Carbon Suppliment: 1.0 mL metricide / day


----------



## GreenGreenGrass (Oct 23, 2010)

Nice. I like the scape with the one piece of wood breaching the surface. Always loved open top planted tanks.


----------



## Mferko (Jun 8, 2010)

2 guppy tanks now? thats alotta babies


----------



## kmc5 (Jun 21, 2010)

*New 5 Gallon Tank!*

Impressive!


----------



## neven (May 15, 2010)

noooo not two guppy tanks..... they are to help ensure the bio filter remained established then i will get shrimp and give away the guppies in that tank (or flush them if no one takes em)

Plus it lets me remove the females from my wifes tank, preventing more babies. if i see fry im putting an unprotected power head in the damn tank.


----------



## Diztrbd1 (Apr 21, 2010)

Nice tank, look forward to seeing it as it progresses


----------



## TCR (Jul 13, 2010)

Well i'm gonna start to breed live bearers. Was going to use swordtails bit I've been a lil intrested in selective breeding in guppies and wouldn't mind giving that a whirl. I can be ur last resort


----------



## CRS Fan (Apr 21, 2010)

Looking good, Rob. Can't wait to see it grow in some more .

Best Regards,

Stuart


----------



## neven (May 15, 2010)

After a visit to CRS Fan, like most of us, it resulted into a lot of time spent planting 
I removed the Salvinia from this tank and replaced it with Azolla filiculoides. I figure i'll start working towards my tanks having unique species in each. The foreground was filled in with eleocharis parvula (Dwarf Hairgrass) and a few plantlets of an unknown grass variety. Plus i filled in the right corner with Heteranthera zosterifolia (stargrass) to help hide the filter from view. Also a spec of some sort of moss that came with the plants so i wedged it into a piece of driftwood to see how it grows 

After everything was planted i put the wife to work to remove the remaining guppy fry who haven't coloured from her tank to grow out in this tank, then we'll transfer the males to her tank and deal with the females. Then it will be shrimpy time!

now for a couple pictures


----------



## slipstream (Apr 25, 2010)

Gonna be awesome once its all grown in.


----------



## InfraredDream (Jun 24, 2010)

That looks awesome!!


----------



## Morainy (Apr 21, 2010)

Neven, that is a gorgeous little tank! The black Flourite is attractive with the green plants. It looks much bigger than 5 gallons, with the mini tree stumps.

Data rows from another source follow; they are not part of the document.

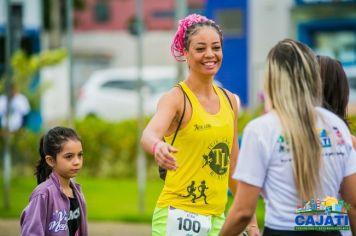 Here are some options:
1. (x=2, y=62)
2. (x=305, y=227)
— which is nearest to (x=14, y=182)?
(x=305, y=227)

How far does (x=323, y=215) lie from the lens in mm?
4203

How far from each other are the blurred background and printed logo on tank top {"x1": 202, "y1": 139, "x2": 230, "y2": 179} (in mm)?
6190

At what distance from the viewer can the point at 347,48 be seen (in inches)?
1002

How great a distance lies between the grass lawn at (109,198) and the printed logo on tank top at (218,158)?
5769mm

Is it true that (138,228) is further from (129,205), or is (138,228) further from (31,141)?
(31,141)

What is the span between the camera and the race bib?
5352 mm

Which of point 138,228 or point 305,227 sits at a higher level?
point 305,227

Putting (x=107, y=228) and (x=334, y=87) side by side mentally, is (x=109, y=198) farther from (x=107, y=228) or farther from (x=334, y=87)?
(x=334, y=87)

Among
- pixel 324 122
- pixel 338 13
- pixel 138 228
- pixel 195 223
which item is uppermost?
pixel 338 13

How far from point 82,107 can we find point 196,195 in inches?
911

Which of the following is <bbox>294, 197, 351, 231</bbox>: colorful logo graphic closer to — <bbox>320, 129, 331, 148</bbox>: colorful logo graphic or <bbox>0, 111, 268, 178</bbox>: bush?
<bbox>320, 129, 331, 148</bbox>: colorful logo graphic

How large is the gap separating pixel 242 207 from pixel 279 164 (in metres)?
0.24

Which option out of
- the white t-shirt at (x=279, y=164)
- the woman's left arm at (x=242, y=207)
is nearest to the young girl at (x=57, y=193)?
the woman's left arm at (x=242, y=207)

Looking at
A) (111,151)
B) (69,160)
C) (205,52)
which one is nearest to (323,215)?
(205,52)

I've got a 2.5 gallon waiting to be planted, so I'm taking a keen interest in nano tanks right now. I hope that you keep posting pics so that we can follow your tank's development. I've never tried planting any little grassy-type plants, like the ones in your photo.


----------



## CRS Fan (Apr 21, 2010)

Looking very nice Rob. I hope you have better luck with hairgrass then I do . I also see the azolla around the stump. 

Warm regards,

Stuart


----------



## CRS Fan (Apr 21, 2010)

Any recent pics, Rob? Did the haigrass grow in? Enquiring minds would like to know.

Stuart


----------



## Morainy (Apr 21, 2010)

Yes, I'd like to know, too!



CRS Fan said:


> Any recent pics, Rob? Did the haigrass grow in? Enquiring minds would like to know.
> 
> Stuart


----------



## neven (May 15, 2010)

the tank seems to be stagnant, not rotting, not growing much except a few stems, so i put some jobe spikes throughout the substrate a couple nights ago hoping it to give the foreground a kick start by encouraging deeper rooting. I may need to make a fixture for it though, as the lamp needs to be boosted up by books and i dont like the risk of it falling in so i have a not so optimal angle to it.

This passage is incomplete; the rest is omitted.